Tuesday, January 19, 2010

Introduction to Erin

University of Tennessee at Knoxville
Fall Semester 2008
Hannah's Dorm

Freshman year was getting off to a slow start. I missed home, and was labored with boring classes like calculus and geology. I was good in the former but usually nodding off in the latter. I was also the only freshman in the junior-level Japanese class (what was then my 5th year in taking the language, thanks to the Japanese program at McCallie High School). Thank God for meeting people. Through Air Force Reserve Officer Training Corps (ROTC), I met the rivalry with Army ROTC. Through that, I met Hannah of Army ROTC. Through Hannah, I met Natasha. The two of them have become two of my closest friends on campus.

On an unusually cold night in the fall season of Knoxville, Tennessee, Hannah invited Natasha and I up into her dorm room to surf the Internet. The events surrounding my resulting epiphany are blurred, diminished by the passage of time. The feeling, however, has yet to leave me.

Natasha pulled up a Youtube page, and we took turns watching music videos and the like. I don't remember what I played for them, but I know precisely what Natasha played next.

A brief close-up of a burning torch-lamp setting piece...the opening stanza of violins warmly playing, soft and pleasing. Then the voice of an angel brought down from the highest order in Heaven infiltrated my ears and left me stunned and silent.

"I hear your voice on the wind, and I hear you call out my name."

The video fades to a castle setting, obviously European. Red and green lights all around the stage and in the foreground, a breathtaking woman dressed in a red dress continued her angelic singing of her Heavenly song. Her eyes were wide, blue, and shimmering.
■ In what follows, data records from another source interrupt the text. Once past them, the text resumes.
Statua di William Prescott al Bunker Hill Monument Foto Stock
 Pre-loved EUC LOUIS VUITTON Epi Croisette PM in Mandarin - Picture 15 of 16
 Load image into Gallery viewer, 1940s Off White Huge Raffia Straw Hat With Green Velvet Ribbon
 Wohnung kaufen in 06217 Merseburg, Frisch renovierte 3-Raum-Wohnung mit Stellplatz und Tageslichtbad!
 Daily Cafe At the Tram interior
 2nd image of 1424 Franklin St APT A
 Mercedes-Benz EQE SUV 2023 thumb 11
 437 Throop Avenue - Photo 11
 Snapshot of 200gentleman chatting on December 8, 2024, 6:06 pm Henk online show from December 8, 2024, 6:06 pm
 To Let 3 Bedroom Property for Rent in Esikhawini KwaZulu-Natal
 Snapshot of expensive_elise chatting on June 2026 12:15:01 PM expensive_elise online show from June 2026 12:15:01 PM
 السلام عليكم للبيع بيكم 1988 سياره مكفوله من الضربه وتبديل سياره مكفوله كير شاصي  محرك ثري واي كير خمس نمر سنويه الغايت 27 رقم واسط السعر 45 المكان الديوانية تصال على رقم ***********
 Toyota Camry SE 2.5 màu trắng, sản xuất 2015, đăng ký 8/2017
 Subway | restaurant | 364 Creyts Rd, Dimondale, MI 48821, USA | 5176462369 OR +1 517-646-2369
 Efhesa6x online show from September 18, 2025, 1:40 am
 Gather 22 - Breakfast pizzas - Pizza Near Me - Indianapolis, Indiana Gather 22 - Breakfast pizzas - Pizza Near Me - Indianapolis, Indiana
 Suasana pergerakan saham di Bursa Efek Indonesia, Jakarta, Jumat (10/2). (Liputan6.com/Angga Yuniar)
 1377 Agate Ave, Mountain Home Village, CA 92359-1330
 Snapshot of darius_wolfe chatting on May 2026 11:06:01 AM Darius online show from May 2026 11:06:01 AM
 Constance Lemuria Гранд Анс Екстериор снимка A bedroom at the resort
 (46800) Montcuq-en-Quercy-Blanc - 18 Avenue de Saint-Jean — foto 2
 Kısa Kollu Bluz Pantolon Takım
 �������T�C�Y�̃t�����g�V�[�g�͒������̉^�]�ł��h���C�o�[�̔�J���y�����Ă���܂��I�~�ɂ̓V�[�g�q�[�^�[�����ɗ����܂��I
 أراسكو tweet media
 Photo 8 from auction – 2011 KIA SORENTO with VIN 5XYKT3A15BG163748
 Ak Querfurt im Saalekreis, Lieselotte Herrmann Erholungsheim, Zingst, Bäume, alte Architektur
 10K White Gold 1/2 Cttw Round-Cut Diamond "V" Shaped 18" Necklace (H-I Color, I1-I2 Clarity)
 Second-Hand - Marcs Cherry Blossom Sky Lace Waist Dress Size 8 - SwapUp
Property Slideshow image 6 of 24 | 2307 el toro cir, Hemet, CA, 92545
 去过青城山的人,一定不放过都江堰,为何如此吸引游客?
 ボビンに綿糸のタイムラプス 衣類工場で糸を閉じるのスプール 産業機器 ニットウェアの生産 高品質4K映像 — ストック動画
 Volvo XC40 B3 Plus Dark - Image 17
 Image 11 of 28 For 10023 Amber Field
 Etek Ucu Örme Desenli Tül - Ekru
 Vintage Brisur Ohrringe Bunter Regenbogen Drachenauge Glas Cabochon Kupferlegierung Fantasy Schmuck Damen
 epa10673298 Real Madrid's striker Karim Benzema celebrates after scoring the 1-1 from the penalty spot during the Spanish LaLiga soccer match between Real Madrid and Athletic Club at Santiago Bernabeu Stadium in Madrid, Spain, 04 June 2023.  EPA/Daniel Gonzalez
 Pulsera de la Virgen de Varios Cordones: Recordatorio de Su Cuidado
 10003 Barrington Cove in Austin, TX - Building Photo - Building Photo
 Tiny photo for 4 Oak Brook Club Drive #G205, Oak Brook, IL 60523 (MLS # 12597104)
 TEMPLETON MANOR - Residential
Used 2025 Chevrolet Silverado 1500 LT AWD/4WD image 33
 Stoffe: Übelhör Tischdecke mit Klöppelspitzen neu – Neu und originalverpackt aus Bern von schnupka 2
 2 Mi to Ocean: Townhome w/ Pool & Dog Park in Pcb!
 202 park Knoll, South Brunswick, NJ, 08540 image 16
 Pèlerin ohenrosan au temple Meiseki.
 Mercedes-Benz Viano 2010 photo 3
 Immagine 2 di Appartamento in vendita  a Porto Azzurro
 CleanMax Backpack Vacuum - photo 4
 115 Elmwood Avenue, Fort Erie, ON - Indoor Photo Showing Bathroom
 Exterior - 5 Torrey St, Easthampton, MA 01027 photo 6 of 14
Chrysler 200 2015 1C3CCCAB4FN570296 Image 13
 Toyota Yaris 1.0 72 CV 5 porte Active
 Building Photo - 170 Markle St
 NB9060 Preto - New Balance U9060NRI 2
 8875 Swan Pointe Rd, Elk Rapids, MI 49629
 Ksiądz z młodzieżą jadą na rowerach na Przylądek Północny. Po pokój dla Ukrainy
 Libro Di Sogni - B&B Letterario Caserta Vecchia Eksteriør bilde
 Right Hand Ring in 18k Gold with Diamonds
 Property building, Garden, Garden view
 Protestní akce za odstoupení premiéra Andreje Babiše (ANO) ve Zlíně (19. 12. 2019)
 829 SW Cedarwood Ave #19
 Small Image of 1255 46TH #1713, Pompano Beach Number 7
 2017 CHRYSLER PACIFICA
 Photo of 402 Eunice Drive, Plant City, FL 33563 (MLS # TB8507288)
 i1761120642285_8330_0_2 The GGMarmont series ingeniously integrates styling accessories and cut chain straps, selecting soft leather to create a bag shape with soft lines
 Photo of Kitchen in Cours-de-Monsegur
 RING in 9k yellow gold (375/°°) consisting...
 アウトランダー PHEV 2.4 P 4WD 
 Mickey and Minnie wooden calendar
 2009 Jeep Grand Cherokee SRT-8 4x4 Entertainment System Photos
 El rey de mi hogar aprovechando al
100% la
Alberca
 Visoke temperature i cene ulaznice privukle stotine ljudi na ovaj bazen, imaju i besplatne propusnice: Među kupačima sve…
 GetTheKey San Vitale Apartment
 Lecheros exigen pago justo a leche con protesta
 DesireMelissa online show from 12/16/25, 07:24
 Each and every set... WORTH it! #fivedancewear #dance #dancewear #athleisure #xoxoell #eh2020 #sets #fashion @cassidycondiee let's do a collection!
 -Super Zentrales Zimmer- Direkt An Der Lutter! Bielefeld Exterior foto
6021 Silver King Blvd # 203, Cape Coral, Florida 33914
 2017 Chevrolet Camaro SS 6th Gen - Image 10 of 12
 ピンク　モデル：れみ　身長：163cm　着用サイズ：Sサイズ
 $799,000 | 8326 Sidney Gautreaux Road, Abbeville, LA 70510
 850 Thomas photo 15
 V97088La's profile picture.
Her hair was a lovely light brunnette.

"Listen my child, you say to me
I am the Voice of your history
Be not afraid, come follow me
Answer my call and I'll set you free."

The Voice's verse is softly followed by another red-clad woman, this time playing an amazing fiddle solo, and her hair was a shimmering blonde.

The Voice came back.

"I am the Voice in the wind and the pouring rain
I am the Voice of your hunger and pain
I am the Voice that always is calling you
I am the Voice, I will remain"

Again, the Fiddler (who immediately reminded me of a Pixie) complimented the Voice.

"I am the Voice in the fields when the summer's gone

The dance of the leaves when the autumn winds blow
Ne'er do I sleep throughout all the cold winter long
I am the force that in springtime will grow"

This time, the Pixie not only tickled my ears with a lovely fiddle solo, she began to hop and dance around the stage in lovely freedom and grace. I would learn later in the video how talented she was. Not only does she play her fiddle amazingly well, she sprints and dances around on a multi-level stage in heels...while playing the fiddle. That and the Voice's ever-so-angelic tones and stunning beauty made for a very awed and inspired me.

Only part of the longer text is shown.